This document is a draft item to give the feel of what may appear here.

TRAIL RIDE  WITH MINIMUM IMPACT

  • Stay on legal  routes. These may be public rights of way or privately owned land such as trail parks open to the public where a fee will be charged.
  • On privately owned land you must have the permission of the land owner.
  • On muddy or delicate grass surfaces moderate the throttle and use the clutch to gain maximum traction with minimum wheelspin. Once a grass surface is destroyed it may never grow back again, so be particularly careful with throttle and brakes.
  • On switchbacks, avoid roosting around the apex of the turn when climbing or brake-sliding during descent, both of which gouge the trail.
  • Don’t ride around fallen logs; it is best to move them or ride over them.
  • When negotiating any obstacle, stay loose over the bike to allow for sudden direction changes.
  • Cross streams only at designated fording points or where the trail crosses the stream.
  • Routes which have soft muddy surfaces should be avoided in wet weather. 
  • Noise is the aspect which causes most complaints so make sure your vehicle is effectively silenced.
  • Ride at reasonable speed taking regard of conditions and visibility.

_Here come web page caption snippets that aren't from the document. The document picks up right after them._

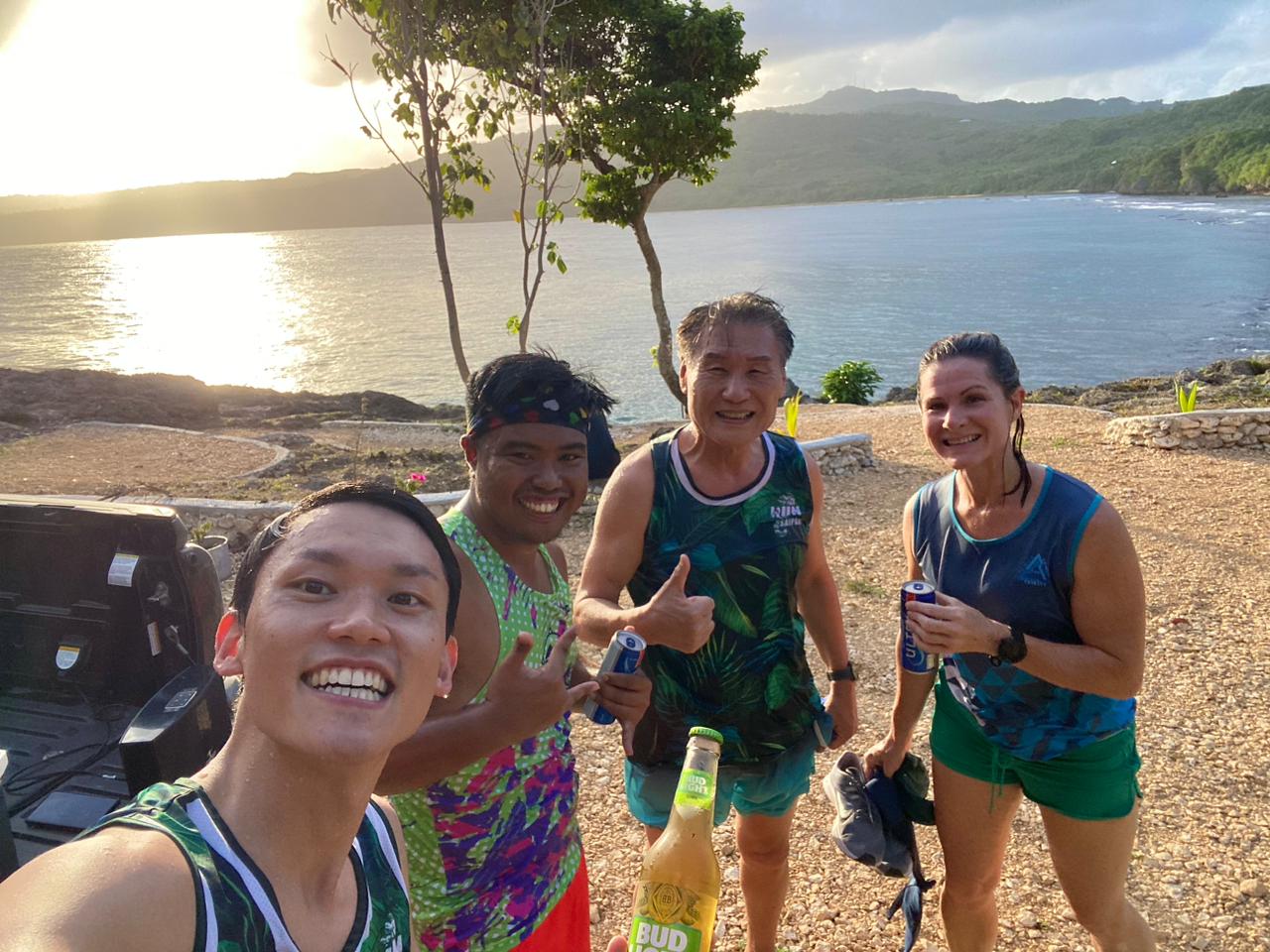 Shigeki Tenorio, left, poses with Simon Necesito, Chong Nam Lee and Terra Allen after completing on Saturday in East Bay.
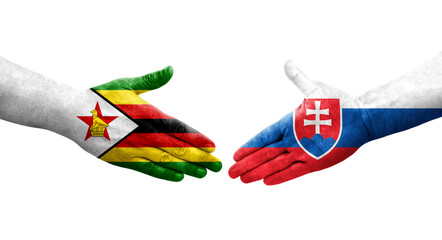 Handshake between Slovakia and Zimbabwe flags painted on hands, isolated transparent image.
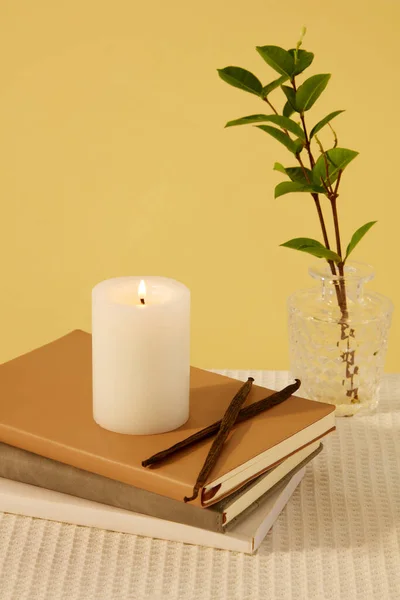 一支点燃的蜡烛放在笔记本上 旁边是一个玻璃花瓶 绿色的叶子在桌子上 背景是黄色的 大多数蜡烛都是石蜡做的 — 图库照片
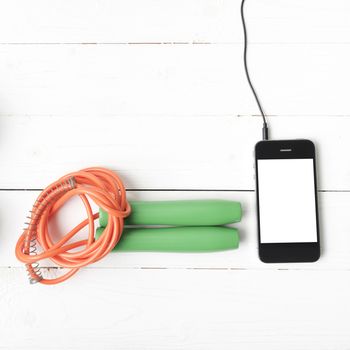 fitness equipment : jumping rope and phone on white wood table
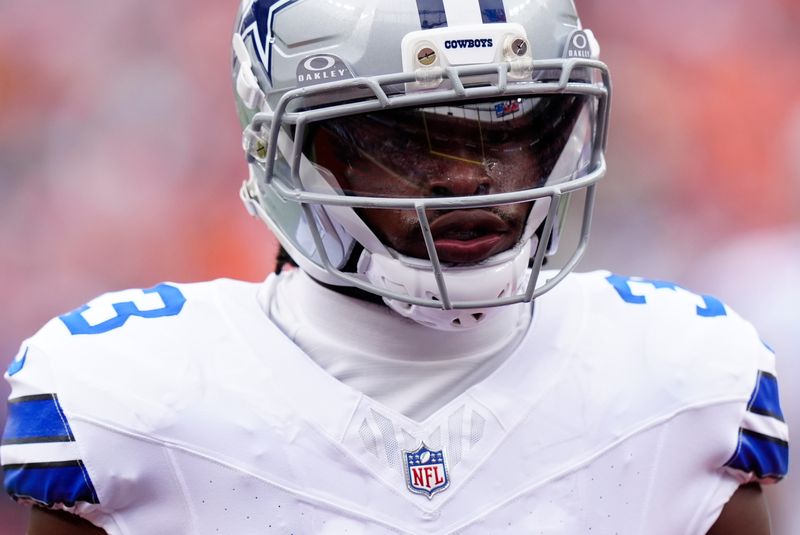 Oct 26, 2025; Denver, Colorado, USA; Dallas Cowboys running back Javonte Williams (33) looks on before the game against the Denver Broncos at Empower Field at Mile High. Mandatory Credit: Ron Chenoy-Imagn Images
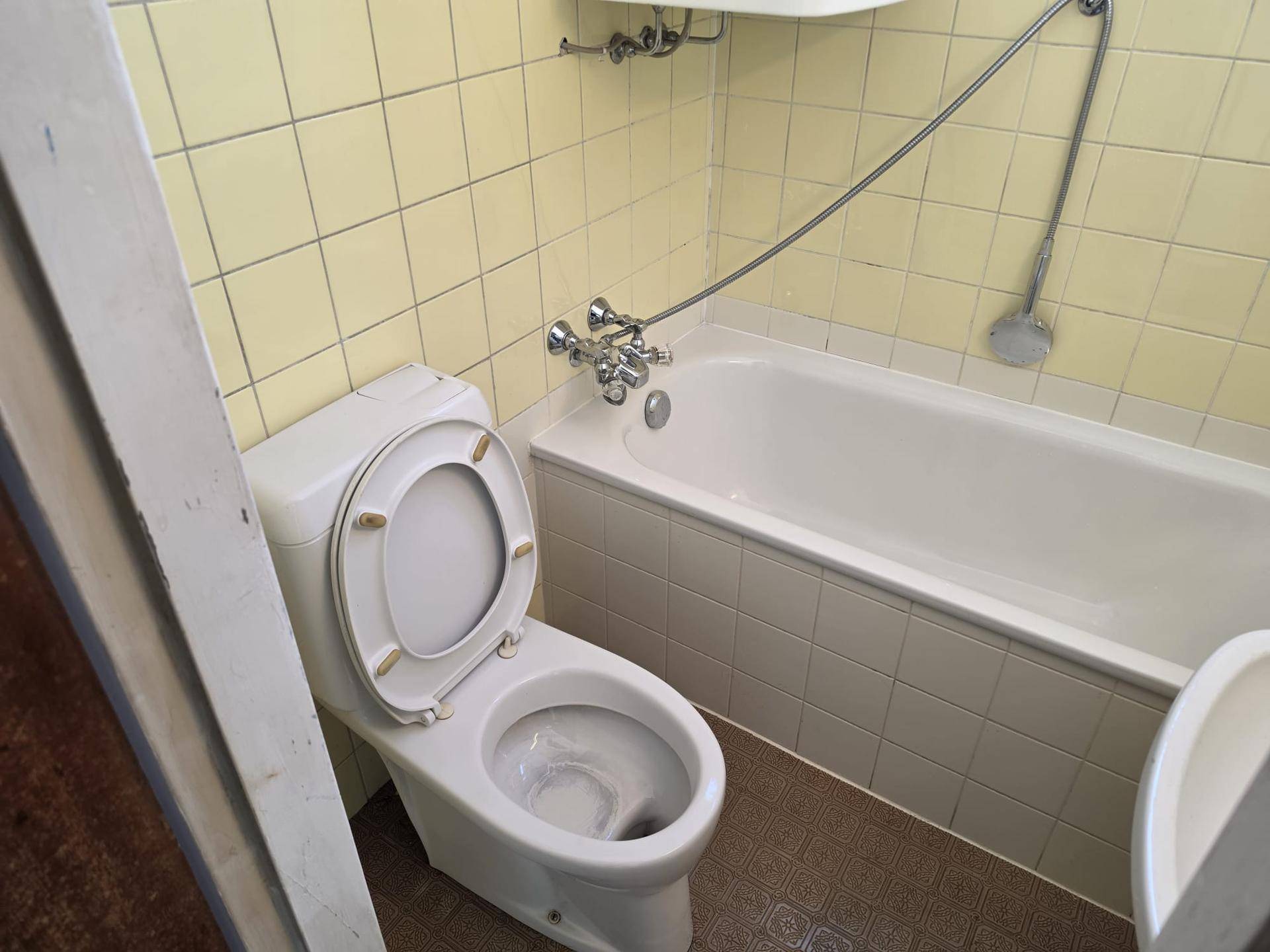 Badezimmer mit Toilette, Badewanne und gelben Fliesen, das eine ältere Ausstattung zeigt.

RESPECT THE ENVIRONMENT AND THE RIGHTS OF OTHERS

  • Be considerate of others on the road or trail.
  • Ride only where permitted.
  • Leave gates as you find them, open if open, closed if closed.  it is a good idea if the person who opens the gate also closes it. Do not allow the first person who opens the gate to ride away, as the last rider may assume that the gate does not need closing. 
  • Treat others with respect. Give way to walkers, horses and cyclists. On a narrow lane, stop and switch off engines.
  • Keep the noise and dust down.
  • Don't leave litter, take it home with you. 

 

EDUCATE YOURSELF, PLAN AND PREPARE BEFORE YOU GO

  • Suitable Rights of Way are usually Byways Open to All Traffic (BOAT) and UCRs which have not received a tarmac surface.
  • Most OS maps are accurate but they still contain some errors. To be sure, you will need to consult the Highway Authority for the area in which you wish to ride. BOATs will be shown on the Definitive Map (DM) held by the right of way office. UCRs are shown on the List of Streets (LoS). Local clubs will also be able to assist with information.
  • If riding on private land, be sure to ask permission from the landowner(s).
  • Check the weather forecast.
  • Wear appropriate clothing for the weather forecast and the routes you anticipate riding. 
  • Buddy up with two or three riders. Riding solo can leave you vulnerable if you have an accident or breakdown. Designate meeting areas in case of separation.
  • Know your limitations. Watch your time, your fuel, and your energy.
  • Don’t mix riding with alcohol and/or drugs.
  • Understand how to operate your motorcycle and its controls.
  • There are commercial facilities offering trail and offroad riding tuition, both for riders with their own motorcycles and riders who wish to hire a bike. An internet search will give you some contacts.
  • Make sure your vehicle is mechanically up to task. Be prepared with tools, supplies and spares for trailside repairs.

 

ALLOW FOR FUTURE USE OF THE OUTDOORS, LEAVE IT BETTER THAN YOU FOUND IT

  • Carry a bag for rubbish on your vehicle and pick up litter left by others.
  • Avoid “spooking” livestock and wildlife you encounter.
  • Avoid sensitive habitats, wetlands, steams, and meadows.
  • Following a ride, wash your motorcycle to reduce the spread of noxious weeds.

 

DISCOVER THE REWARDS OF RESPONSIBLE RECREATION

  • Trail and offroad riding provides the opportunity to get away from the rush of everyday life and builds family traditions.
  • Careless and noisy riding can cause damage and may result in closing areas.
  • Respect the environment and trail users. By using common sense and common courtesy, what is available today will be here to enjoy tomorrow.